**Exercise data**

....................

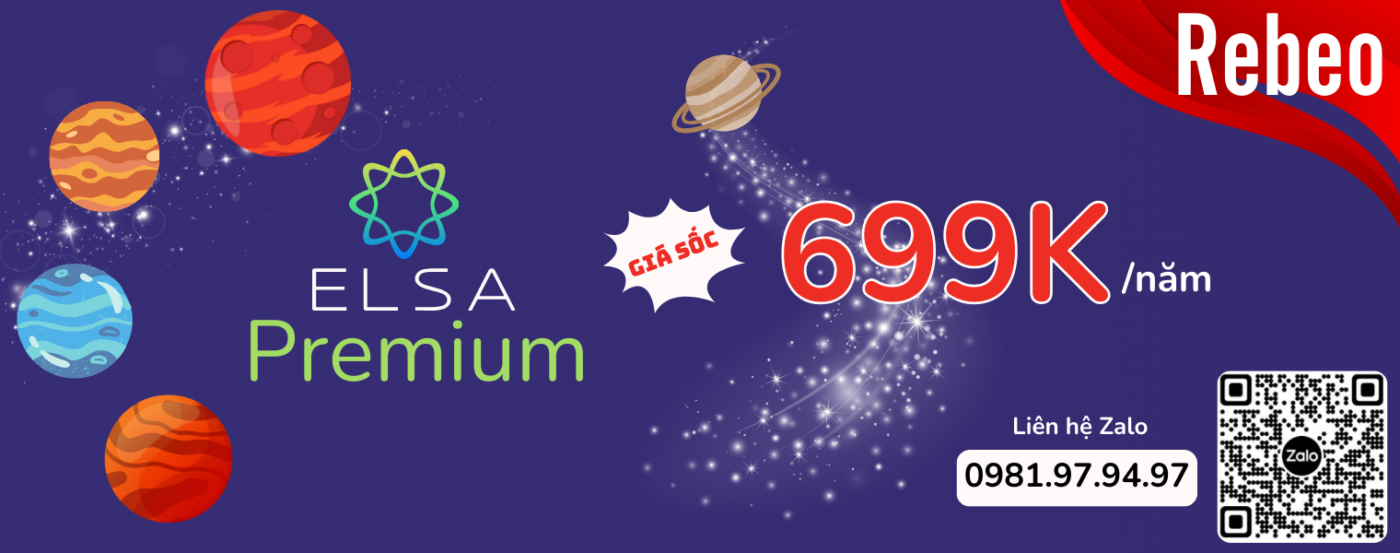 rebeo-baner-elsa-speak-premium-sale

....................

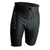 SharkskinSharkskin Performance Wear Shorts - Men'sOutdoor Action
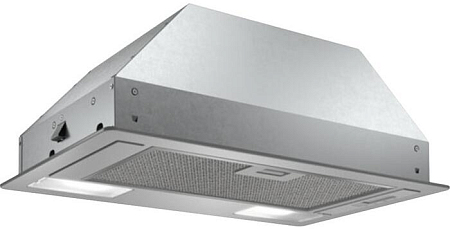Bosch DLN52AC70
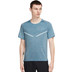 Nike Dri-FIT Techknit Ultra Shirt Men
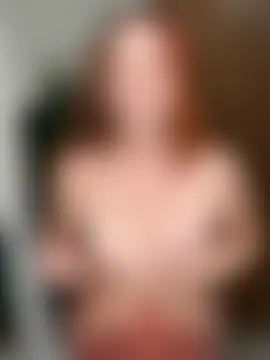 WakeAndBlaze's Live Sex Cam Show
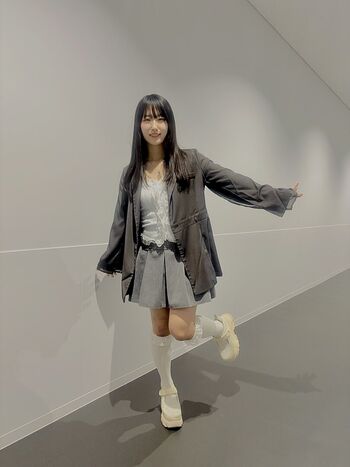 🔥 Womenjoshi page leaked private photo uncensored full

....................

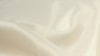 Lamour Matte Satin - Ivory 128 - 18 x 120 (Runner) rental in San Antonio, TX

....................

**Activity**
Copy exactly, without pictures, the lines above from the one with "SharkskinSharkskin Performance Wear" down to the one with "photo uncensored full", inclusive.

**Result**
 SharkskinSharkskin Performance Wear Shorts - Men'sOutdoor Action
Bosch DLN52AC70
 Nike Dri-FIT Techknit Ultra Shirt Men
 WakeAndBlaze's Live Sex Cam Show
 🔥 Womenjoshi page leaked private photo uncensored full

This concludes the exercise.